4.    Kabullenmek: Bazen kabullenmek savaşmak için insana bir dinamizm katar, bir şeyin başka türlü olmayacağını ve mutlaka olacağını düşündüğümüz zaman savunma sistemlerimizi harekete geçirip vücudumuzu korumaya alırız. O yüzden kesin olacak şeyleri kesin bir şekilde kabullenip savunma sistemini harekete geçirmeliyiz ki, üzüntü bizi yenmeden biz onu yenelim.
Hadid Suresi, 22-23. Ayetler:
"Yeryüzünde ve kendi nefislerinizde meydana gelen herhangi bir musibet yoktur ki, biz onu yaratmadan önce bir kitapta yazılmış olmasın. Şüphesiz bu, Allah’a göre kolaydır. Elinizden çıkana üzülmeyesiniz ve Allah’ın size verdiğiyle şımarmayasınız diye. Allah, böbürlenen ve övünen hiç kimseyi sevmez."
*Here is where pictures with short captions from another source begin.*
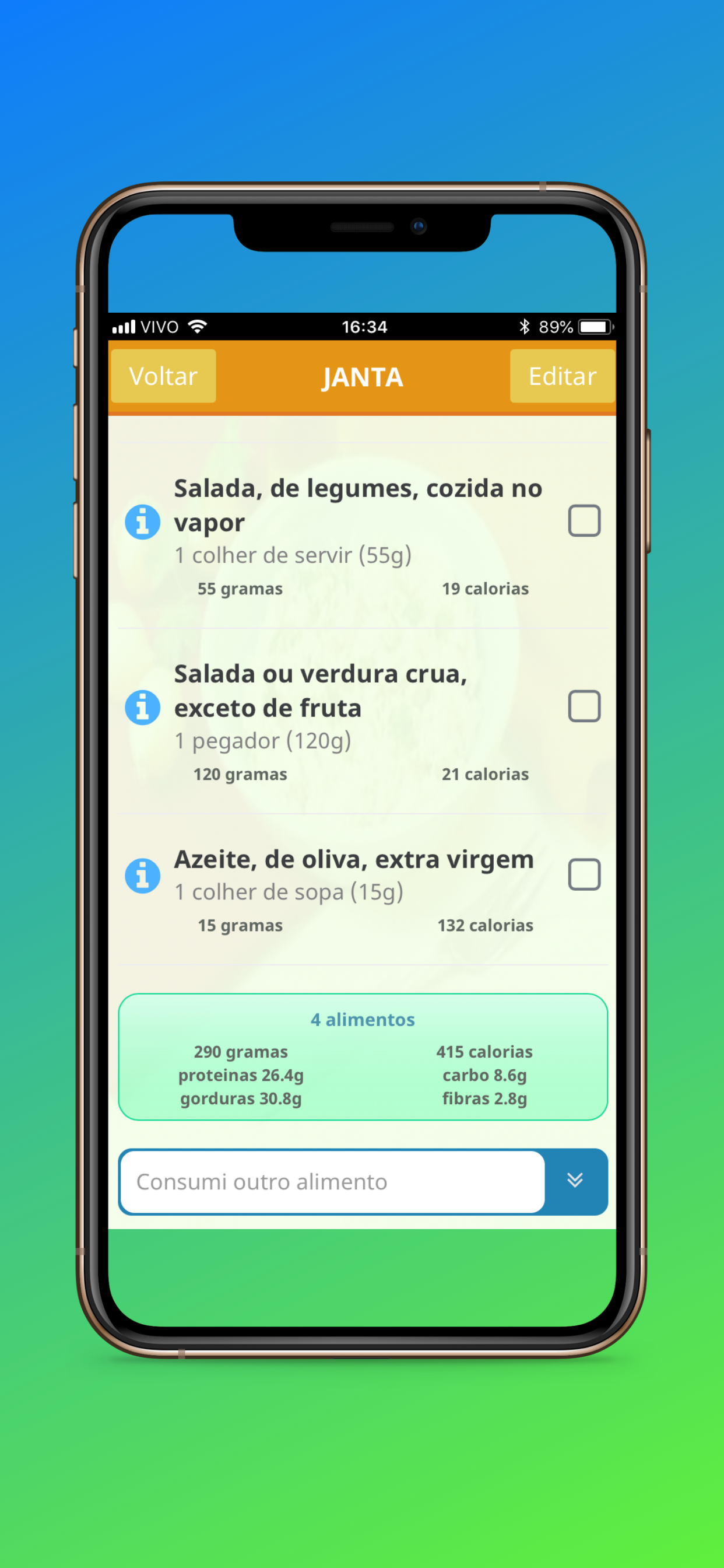 Personal Virtual - Treinos screenshot 4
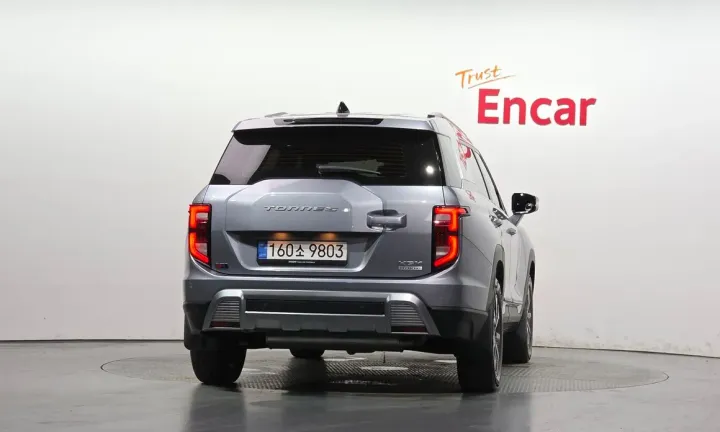 KG_Mobility_Ssangyong Torres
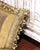 Late 20th Century Pair of Pillows With Trim Made With 18th Century Aubusson Tapestry Fragments For Sale - Image 5 of 8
yine Tevbe Suresi, 51. Ayet:
"De ki: 'Allah’ın bizim için yazdığından başkası bize isabet etmez. O, bizim Mevlamızdır. Müminler yalnızca Allah’a tevekkül etsinler.'"
,Bu ayetler, kabullenmenin ve Allah’a tevekkül etmenin, insanı üzüntüden koruyan ve güçlendiren bir yol olduğunu öğretir. Kabullenmek, aynı zamanda zorluklarla daha iyi başa çıkabilmek için gerekli olan içsel gücü ve  ruhsal dayanıklılığı artırır. Huzuru sağlar.

5.    Değer Vermemek: İnsanoğlu, fazla değer verdiği zaman fazla etkilenir. Bir şey ne kadar önem vermeye değiyorsa, o kadar önem vermek gerekir. Fazla önem verdiğiniz dünya işleri sizi üzüntüye sevk edebilir; o yüzden gerektiği kadar değer vermek, yanlış üzüntülere kapılmayı engeller ve bizi rahatlatır.
Hadid Suresi, 20. Ayet:
"Biliniz ki, dünya hayatı ancak bir oyun, eğlence, süs, aranızda övünme ve mal ve evlat çoğaltma yarışından ibarettir. Bu, bir yağmurun durumu gibidir: Bitirdiği bitki ekicilerin hoşuna gider; sonra kurur, bir de bakarsın sapsarı kesilmiş, sonra da çer çöp olmuştur. Ahirette ise çetin bir azap, Allah’ın mağfireti ve rızası vardır. Dünya hayatı, aldatıcı bir metadan başka bir şey değildir."
Bu ayet, insanlara dünya işlerine gereğinden fazla değer vermemeyi ve bu şekilde üzüntü ve sıkıntılardan kaçınmayı öğütler. Dünyanın geçici olduğunu bilmek, insanı daha dengeli bir yaşam sürmeye ve ruhsal huzura kavuşmaya yönlendirebilir.